La trop facile guerre générationnelle

 

Sans entrer dans un débat d’ordre technique, il apparaît évident que l’allongement de la durée de vie implique une durée de carrière plus longue. La nécessité d’avoir des règles du jeu différentes selon la nature des emplois semble aussi comme une évidence. Il s’agit là d’envisager la pénibilité et les risques inhérents à certains emplois. L’exemple type est celui de l’artisan au corps éprouvé par le labeur, des artisans qui d’ordinaire entrent plus tôt sur le marché du travail. D’autres métiers pourraient aussi être mis en avant, notamment celui de nombreux militaires qui risquent leur vie dans l’exercice de leur profession.

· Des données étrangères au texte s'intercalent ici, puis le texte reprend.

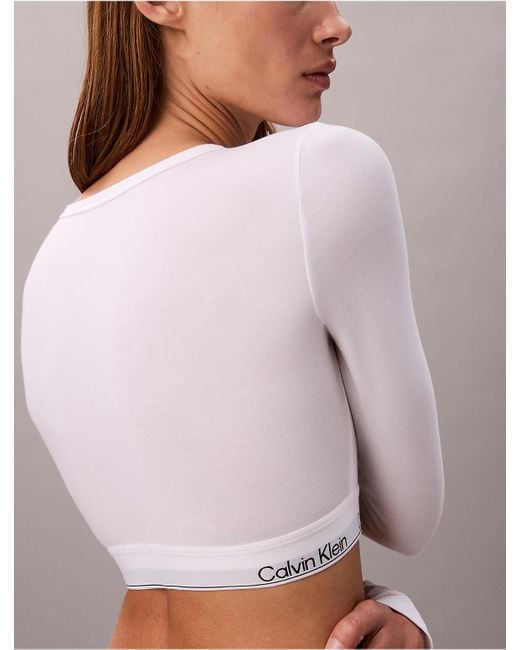Calvin Klein White Icon Cotton Modal Lightly Lined Long Sleeve Tee Bralette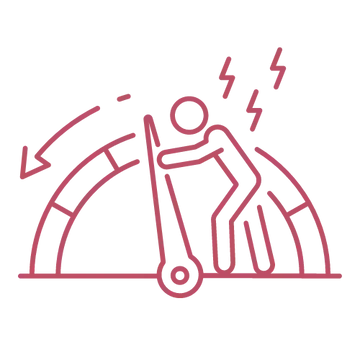 A line drawing of a person pushing a scooter.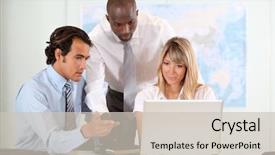  Presentation with international business - Presentation design having sales team mapping - business people working on international background and a soft green colored foreground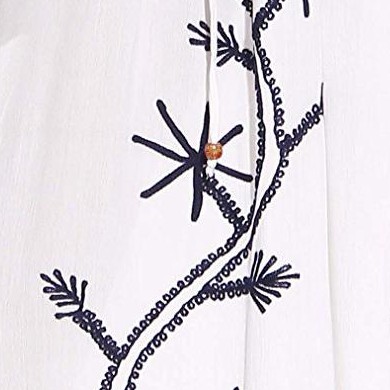 white with navy embroidery
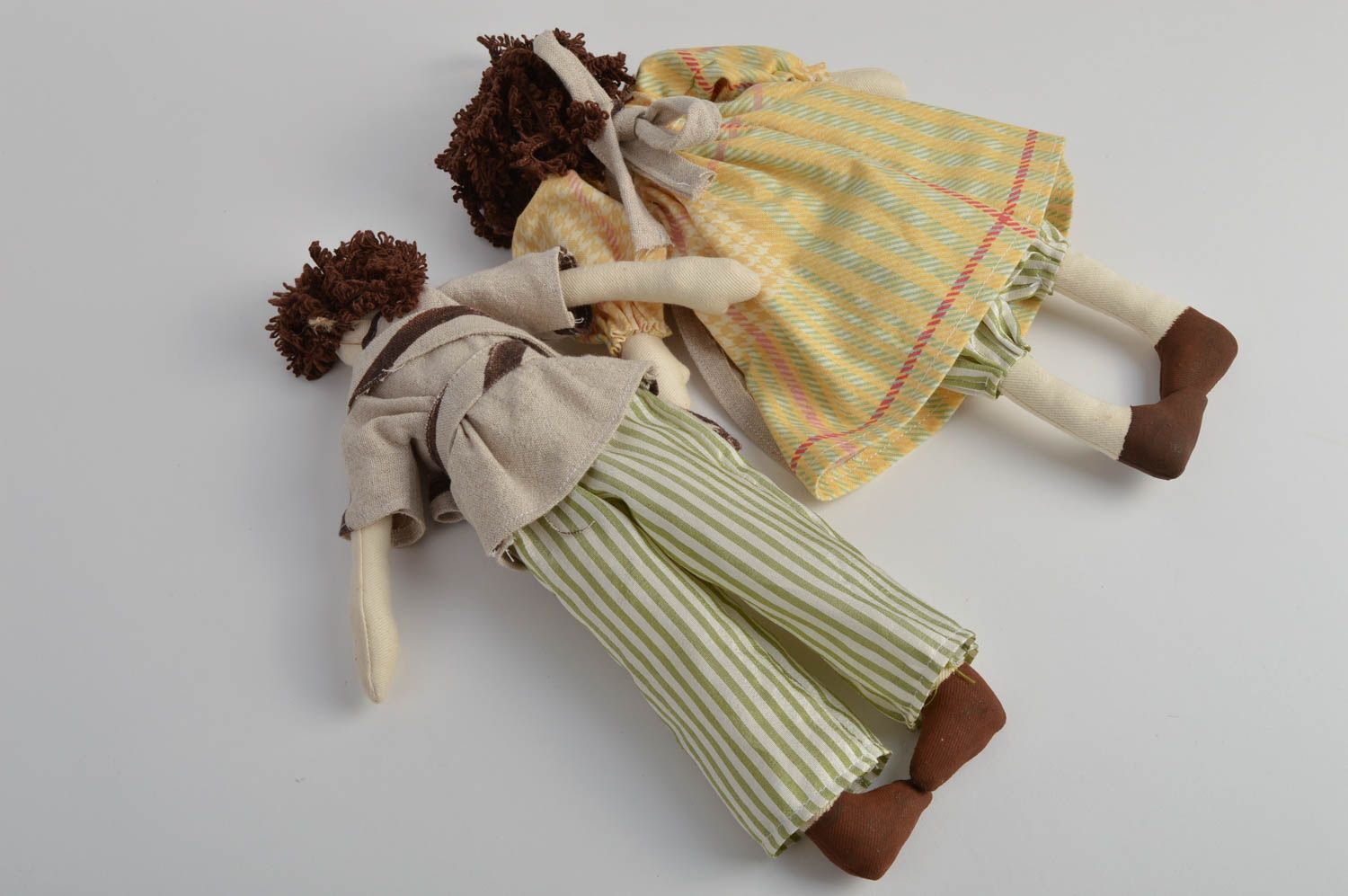 Handmade designer fabric soft dolls boy and girl for interior decor and children photo 5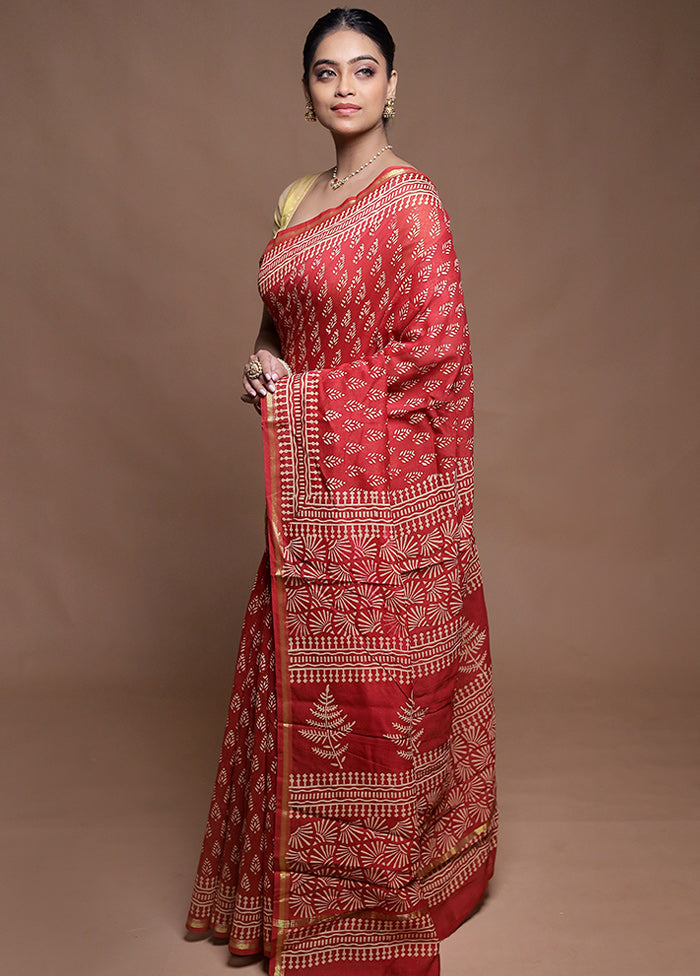 Red Chanderi Cotton Saree With Blouse Piece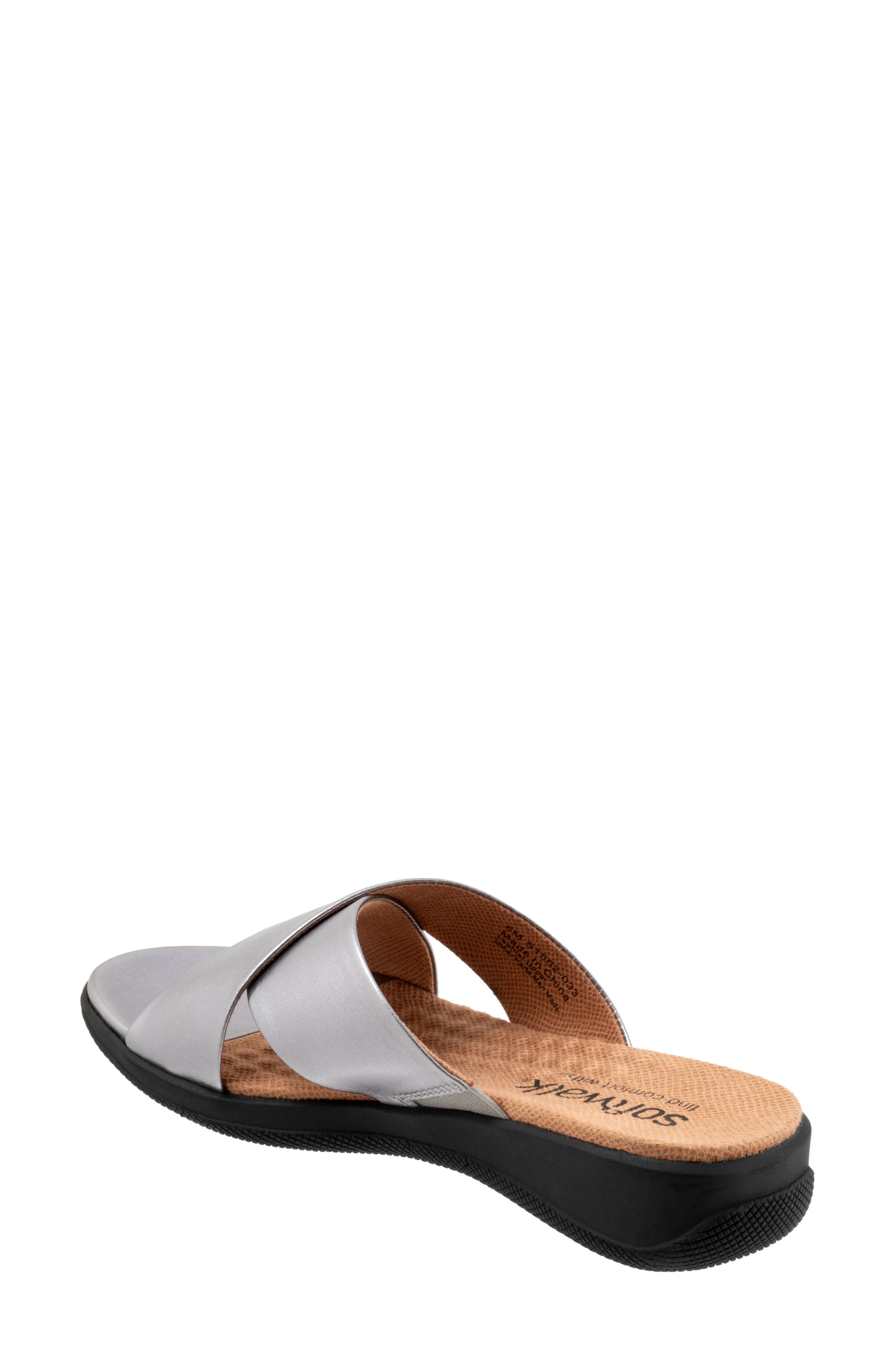 SoftWalk<sup>®</sup> 'Tillman' Leather Cross Strap Slide Sandal, Alternate, color, Pewter Leather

En toile de fond de la réforme, se joue une petite musique de plus en plus en vogue en France : celle de la guerre des générations. La prolifération de l’expression « boomer » depuis quatre années se fait l’écho de cet affrontement entre des générations. Les plus jeunes accablant leur aïeux d’avoir profité des fruits des Trente Glorieuses et d’avoir accédé à la propriété privée quand leurs aînés leur reprocheront leur inconsistance. Le combat éternel de la guerre des âges se trouve ainsi redynamisé par la crise économique.

 

La famille comme réponse

 

Si les questions d’ordre technique méritent des spécialistes, une grande oubliée de la réforme peut néanmoins être pointée du doigt : la famille. En effet, la retraite par répartition implique de s’appuyer sur les travailleurs actifs. La natalité devient ainsi un enjeu social majeur, une donnée qui échappe naturellement à Emmanuel Macron. Une famille de dix enfants donne ainsi dix cotisants pour les retraites. Les parents engagés dans l’éducation de famille nombreuses (aujourd’hui trois enfants) ne devraient-ils pas bénéficier d’avantages conséquents en matière de retraites ?  La fatigue engendrée par l’engagement familial, notamment des mères, ne pourrait-elle pas être prise en compte dans le coefficient retraite et dans le nombre d’années de cotisations ?

Autant d’éléments qui apparaissent comme légitimes mais qui ne sont même pas effleurés par le projet de réforme ou même par les partis politiques. Seule La Manif Pour Tous s’est emparée du sujet, rappelant que pour se tourner vers l’avenir, il faut compter sur les familles.